INSTRUCTIONS TO FOLLOW:
Look in the material below for the line holding "2 bedroom apartment". Set it down exactly, with each later line up to and including the line holding "Cisayong Tasikmalaya Gempar, Mayat".

DATASET EXCERPTS:

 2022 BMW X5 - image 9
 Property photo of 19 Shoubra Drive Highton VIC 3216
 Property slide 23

* * *

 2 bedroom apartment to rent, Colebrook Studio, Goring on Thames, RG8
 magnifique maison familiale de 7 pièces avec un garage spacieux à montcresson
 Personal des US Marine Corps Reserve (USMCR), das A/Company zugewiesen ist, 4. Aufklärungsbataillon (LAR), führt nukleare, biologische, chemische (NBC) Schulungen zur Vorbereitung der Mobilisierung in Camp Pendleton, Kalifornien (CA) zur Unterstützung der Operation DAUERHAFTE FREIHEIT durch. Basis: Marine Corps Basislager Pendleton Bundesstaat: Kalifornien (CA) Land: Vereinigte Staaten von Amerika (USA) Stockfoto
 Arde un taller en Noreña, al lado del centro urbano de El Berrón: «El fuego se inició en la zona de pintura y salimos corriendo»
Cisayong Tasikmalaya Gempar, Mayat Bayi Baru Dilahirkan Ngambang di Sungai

EXERCISE RESPONSE:
 2 bedroom apartment to rent, Colebrook Studio, Goring on Thames, RG8
 magnifique maison familiale de 7 pièces avec un garage spacieux à montcresson
 Personal des US Marine Corps Reserve (USMCR), das A/Company zugewiesen ist, 4. Aufklärungsbataillon (LAR), führt nukleare, biologische, chemische (NBC) Schulungen zur Vorbereitung der Mobilisierung in Camp Pendleton, Kalifornien (CA) zur Unterstützung der Operation DAUERHAFTE FREIHEIT durch. Basis: Marine Corps Basislager Pendleton Bundesstaat: Kalifornien (CA) Land: Vereinigte Staaten von Amerika (USA) Stockfoto
 Arde un taller en Noreña, al lado del centro urbano de El Berrón: «El fuego se inició en la zona de pintura y salimos corriendo»
Cisayong Tasikmalaya Gempar, Mayat Bayi Baru Dilahirkan Ngambang di Sungai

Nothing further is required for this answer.